1. Qu’est-ce que la confiance, et comment la développer ?
Avant d’envisager d’avoir confiance – en soi, en les autres ou en le monde – encore faut-il comprendre de quoi il s’agit. Le mot « confiance » possède en réalité deux acceptions principales : d’un côté, il désigne l’assurance, le courage ou la hardiesse fondée sur la conscience de sa valeur, de ses compétences ; de l’autre, il évoque le fait de se fier à quelqu’un ou à quelque chose d’extérieur à soi.
Étymologiquement, le mot vient du latin cum fides – « avec foi » – ce qui nous renvoie à la notion de croyance. Avoir confiance, c’est croire, c’est accorder du crédit à ce qui n’est pas totalement maîtrisé. Et cette croyance se construit, s’ancre ou vacille, selon notre parcours, notre personnalité, notre éducation et nos expériences de vie. C’est pourquoi la confiance est plurielle : elle peut se nourrir d’une sécurité intérieure, mais aussi d’un ancrage social, ou encore d’une disposition spirituelle.
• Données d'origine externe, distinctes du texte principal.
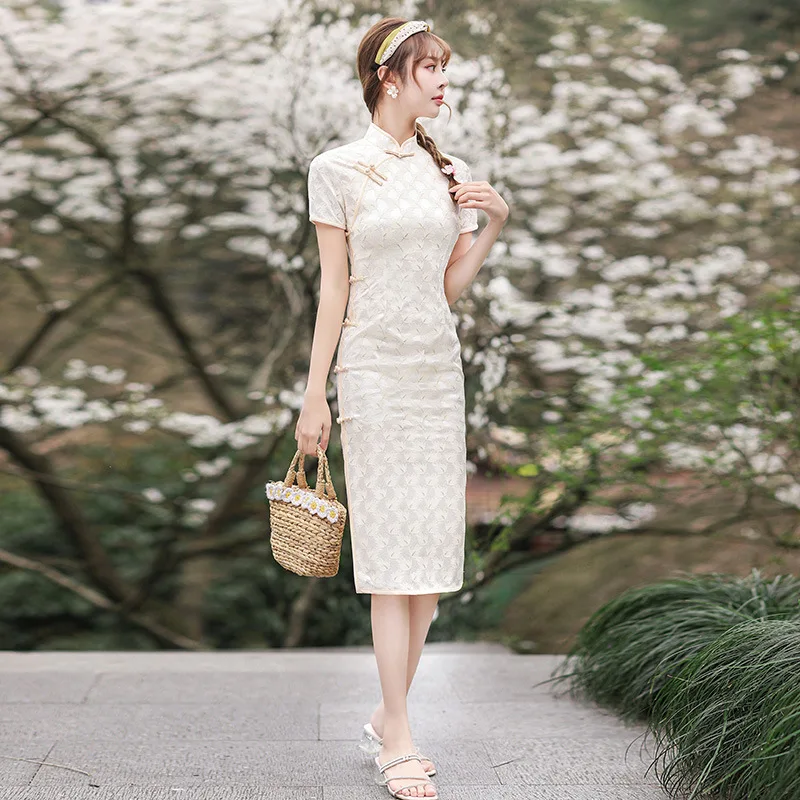 Single Layer Medium Length Daily Cheongsam Girl Student Wear Slim Fit Chinese Style Qipao Women Lace Dress Elegant Factory Price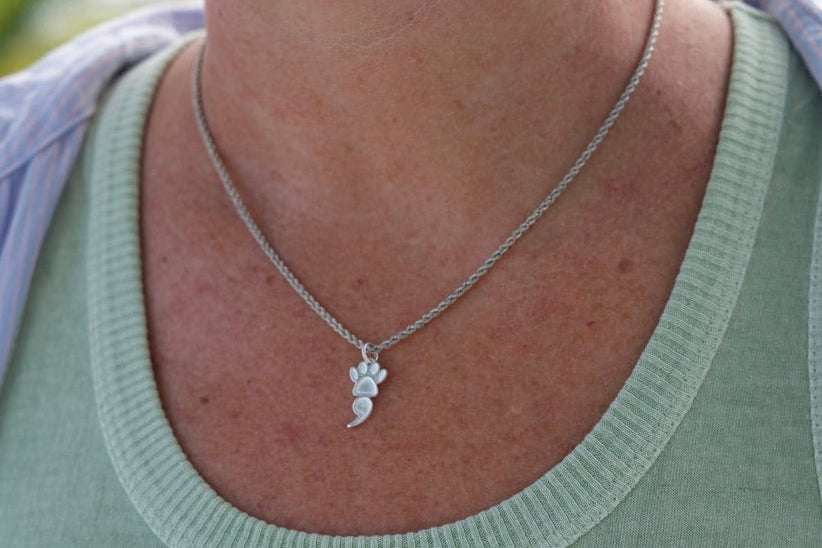 19mm Outlined Pawmicolon Pendant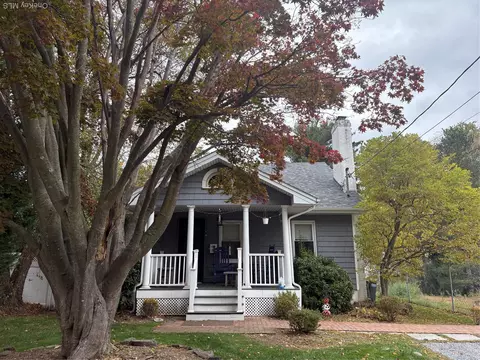 45 Central Pkwy, Huntington, NY 11743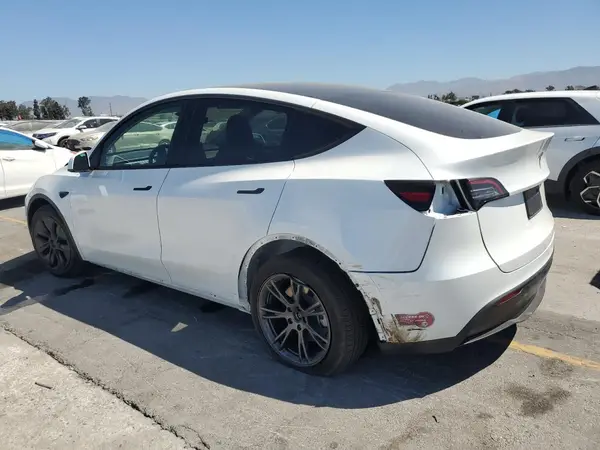 7SAYGAEE7RF101627 2024 TESLA MODEL Y - Image 2
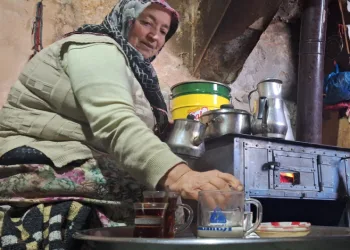 Eşinin vefatıyla baba evine döndü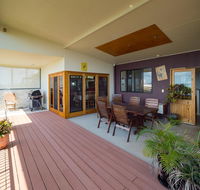 Blue Water Retreat - Upstairs - Accommodation Nelson Bay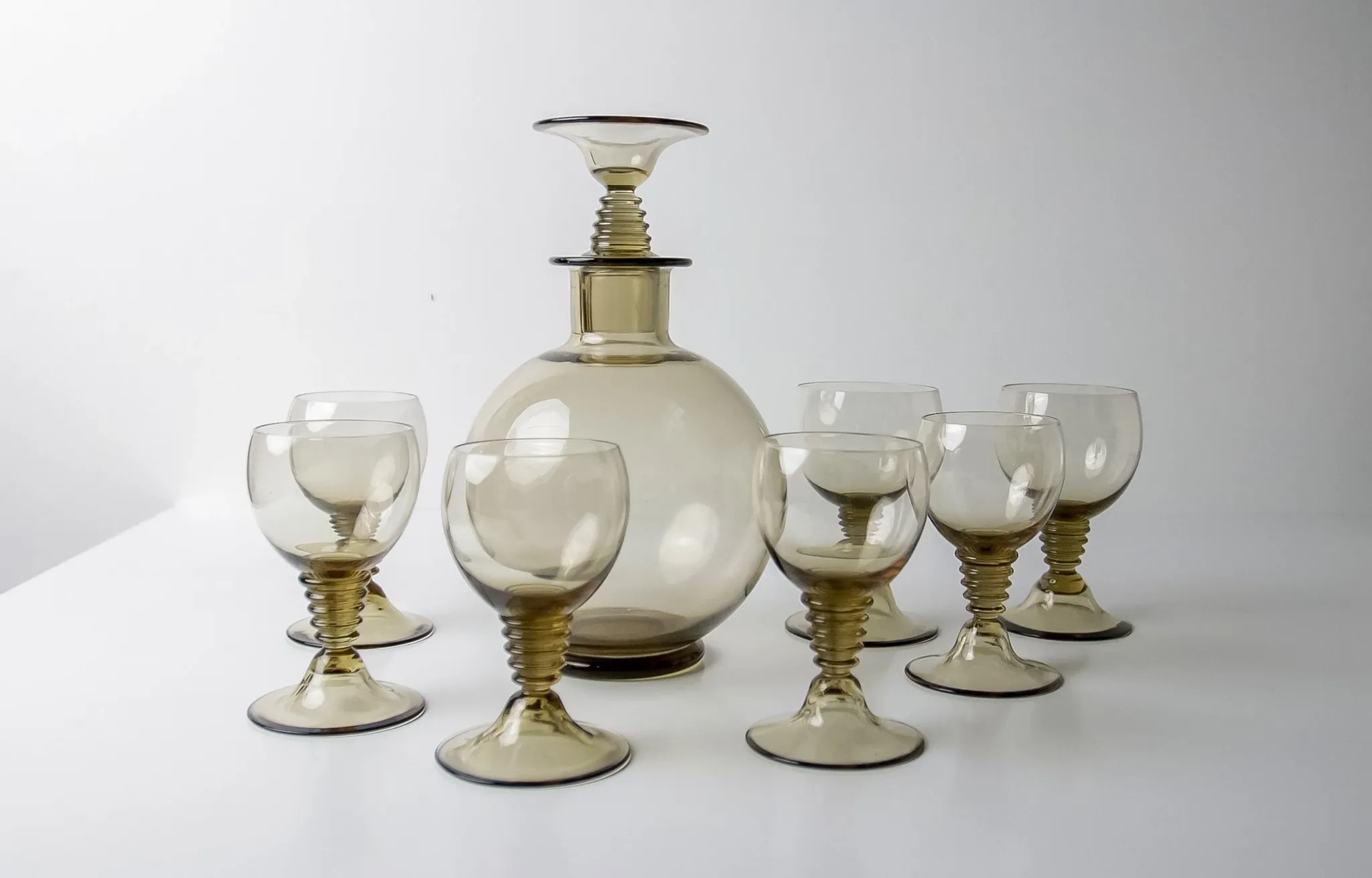 Art deco Traditie decanter with 7 glasses by W.J. Rozendaal – Kristalunie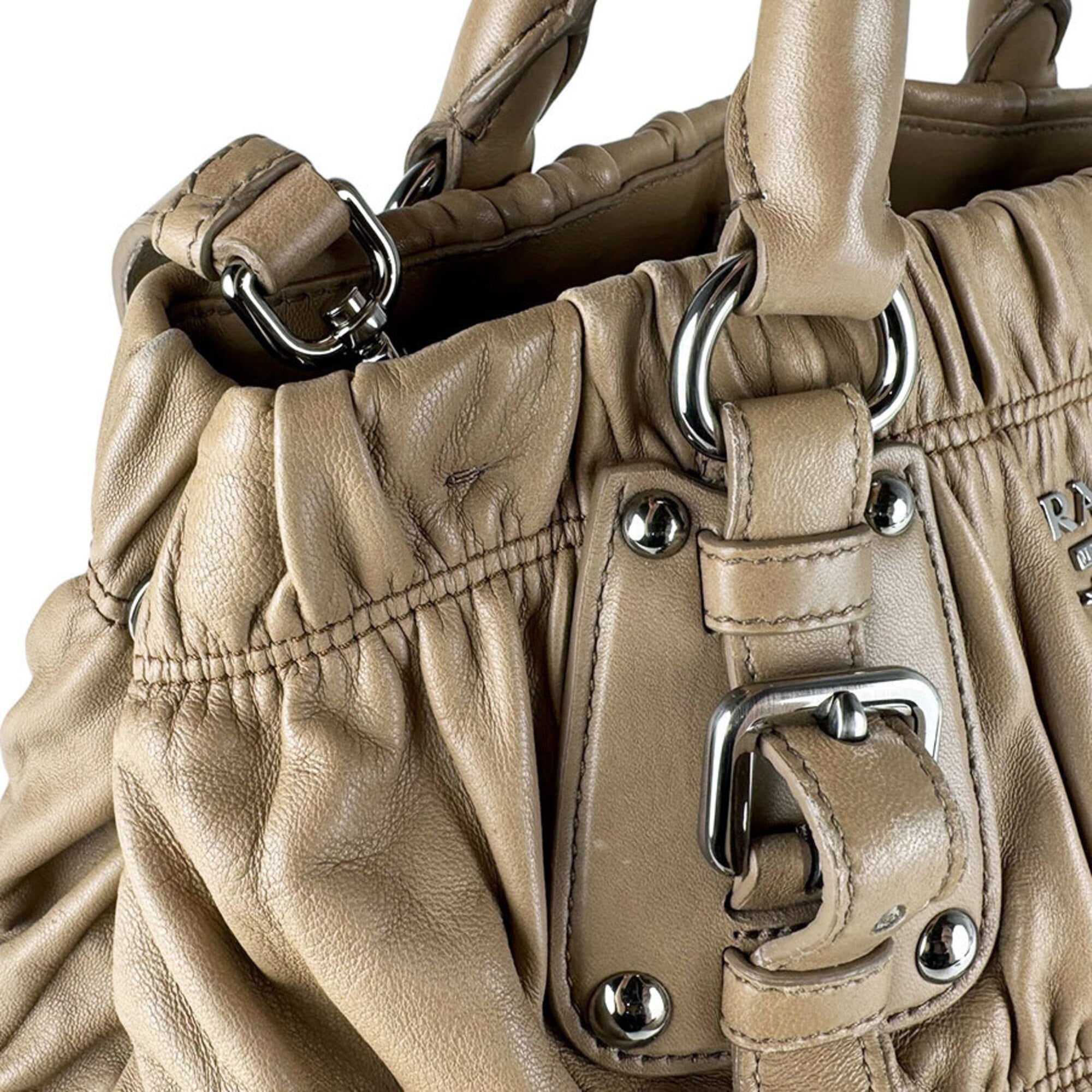 Prada Beige Leather Handbag Shoulder Bag (Pre-Owned)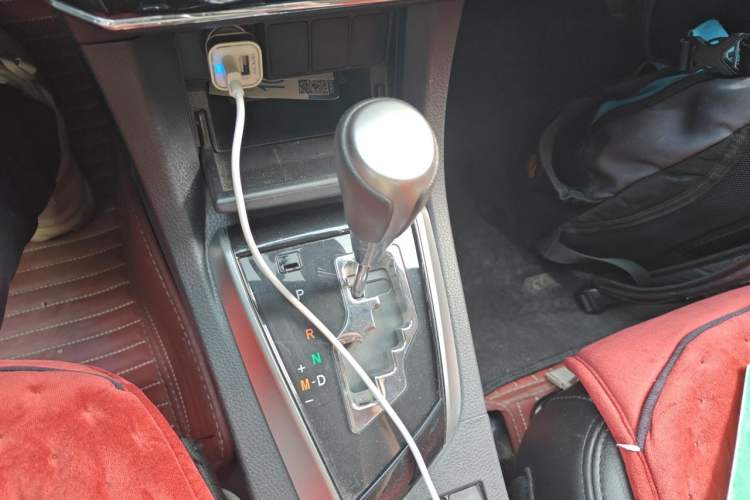 Used Toyota Corolla 2014 1.6L CVT GL Gear Lever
La confiance ne peut être séparée de la résilience, cette aptitude à se reconstruire après une épreuve. Elle fait partie d’un système de croyances malléable, que l’on peut faire évoluer. C’est un travail qui commence par la conscience de ses croyances limitantes, et peut se poursuivre à travers différentes approches – cognitives, émotionnelles, corporelles ou spirituelles – que j’ai développées dans d’autres articles.
2. Qu’est-ce que l’ego ?
Le mot « ego » (du latin je) est aujourd’hui souvent connoté négativement, assimilé à l’égoïsme ou à l’égocentrisme, ce qui est paradoxal dans nos sociétés individualistes. Il a été popularisé par Freud, qui en a fait une instance structurante de la psyché, même si des penseurs comme Nietzsche avaient déjà exploré cette notion bien avant lui.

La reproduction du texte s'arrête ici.